For every line in the entries that contains "Black", show the whole line.

───── Extracted entries

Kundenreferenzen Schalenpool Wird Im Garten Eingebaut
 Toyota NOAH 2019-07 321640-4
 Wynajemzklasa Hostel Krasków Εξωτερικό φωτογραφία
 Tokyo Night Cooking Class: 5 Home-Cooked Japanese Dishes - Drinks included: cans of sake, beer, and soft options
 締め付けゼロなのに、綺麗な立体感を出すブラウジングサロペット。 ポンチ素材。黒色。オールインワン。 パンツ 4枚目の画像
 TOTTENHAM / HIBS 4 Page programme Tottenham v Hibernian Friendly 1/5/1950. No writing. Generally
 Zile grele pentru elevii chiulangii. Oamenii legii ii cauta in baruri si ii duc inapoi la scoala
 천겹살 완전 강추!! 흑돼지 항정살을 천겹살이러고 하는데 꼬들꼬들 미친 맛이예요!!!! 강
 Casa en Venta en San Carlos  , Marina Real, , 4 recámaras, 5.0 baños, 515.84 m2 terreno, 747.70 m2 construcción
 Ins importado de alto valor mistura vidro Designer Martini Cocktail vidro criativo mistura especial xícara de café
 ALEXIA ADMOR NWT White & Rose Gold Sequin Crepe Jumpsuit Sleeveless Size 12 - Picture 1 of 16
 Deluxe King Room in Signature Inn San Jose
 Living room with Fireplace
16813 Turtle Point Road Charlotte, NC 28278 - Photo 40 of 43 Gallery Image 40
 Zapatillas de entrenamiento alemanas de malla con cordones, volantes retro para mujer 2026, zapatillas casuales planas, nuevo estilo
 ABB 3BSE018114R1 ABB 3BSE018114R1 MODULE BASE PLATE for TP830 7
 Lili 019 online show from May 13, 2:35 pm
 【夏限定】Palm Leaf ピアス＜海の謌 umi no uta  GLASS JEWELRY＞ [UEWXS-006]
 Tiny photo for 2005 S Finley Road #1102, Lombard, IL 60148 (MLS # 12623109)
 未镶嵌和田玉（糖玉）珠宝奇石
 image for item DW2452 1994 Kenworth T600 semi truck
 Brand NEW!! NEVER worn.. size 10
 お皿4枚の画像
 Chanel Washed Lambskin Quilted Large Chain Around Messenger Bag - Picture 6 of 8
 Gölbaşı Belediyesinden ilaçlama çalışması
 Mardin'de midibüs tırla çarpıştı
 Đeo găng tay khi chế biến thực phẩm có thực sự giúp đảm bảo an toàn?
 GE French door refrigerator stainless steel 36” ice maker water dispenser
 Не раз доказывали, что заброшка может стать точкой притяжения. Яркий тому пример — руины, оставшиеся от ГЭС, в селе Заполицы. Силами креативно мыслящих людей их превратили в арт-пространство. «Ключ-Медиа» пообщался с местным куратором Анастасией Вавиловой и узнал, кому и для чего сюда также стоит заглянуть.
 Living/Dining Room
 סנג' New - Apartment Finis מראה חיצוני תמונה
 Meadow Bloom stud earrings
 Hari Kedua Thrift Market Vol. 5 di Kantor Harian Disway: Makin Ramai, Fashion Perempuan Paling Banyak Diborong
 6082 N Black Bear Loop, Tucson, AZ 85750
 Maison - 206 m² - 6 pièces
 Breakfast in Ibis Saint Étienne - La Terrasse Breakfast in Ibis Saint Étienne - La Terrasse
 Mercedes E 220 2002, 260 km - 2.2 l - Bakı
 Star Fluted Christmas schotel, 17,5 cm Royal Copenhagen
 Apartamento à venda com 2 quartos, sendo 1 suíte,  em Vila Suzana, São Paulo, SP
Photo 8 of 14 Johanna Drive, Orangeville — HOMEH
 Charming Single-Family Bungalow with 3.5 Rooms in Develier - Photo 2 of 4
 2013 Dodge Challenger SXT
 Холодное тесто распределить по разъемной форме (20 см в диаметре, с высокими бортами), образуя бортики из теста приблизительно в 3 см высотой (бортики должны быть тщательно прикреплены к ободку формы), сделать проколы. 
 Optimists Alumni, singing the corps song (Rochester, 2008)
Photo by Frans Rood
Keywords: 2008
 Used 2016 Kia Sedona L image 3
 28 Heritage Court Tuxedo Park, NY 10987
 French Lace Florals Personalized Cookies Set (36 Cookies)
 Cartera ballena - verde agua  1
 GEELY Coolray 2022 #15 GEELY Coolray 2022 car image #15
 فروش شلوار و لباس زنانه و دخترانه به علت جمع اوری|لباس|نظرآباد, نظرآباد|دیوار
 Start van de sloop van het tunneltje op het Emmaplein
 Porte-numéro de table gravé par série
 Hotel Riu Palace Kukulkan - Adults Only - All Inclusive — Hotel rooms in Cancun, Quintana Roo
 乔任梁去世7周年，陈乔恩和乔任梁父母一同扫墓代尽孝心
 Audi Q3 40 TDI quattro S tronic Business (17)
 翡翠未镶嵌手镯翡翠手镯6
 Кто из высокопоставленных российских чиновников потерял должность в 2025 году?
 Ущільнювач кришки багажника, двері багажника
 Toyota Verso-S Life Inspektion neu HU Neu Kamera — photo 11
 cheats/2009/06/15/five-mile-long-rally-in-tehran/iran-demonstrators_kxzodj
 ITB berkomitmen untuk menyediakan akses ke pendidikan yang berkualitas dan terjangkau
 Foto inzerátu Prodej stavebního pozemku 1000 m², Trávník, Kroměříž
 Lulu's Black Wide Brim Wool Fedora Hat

──────────

— Problem solution —
 6082 N Black Bear Loop, Tucson, AZ 85750
 Lulu's Black Wide Brim Wool Fedora Hat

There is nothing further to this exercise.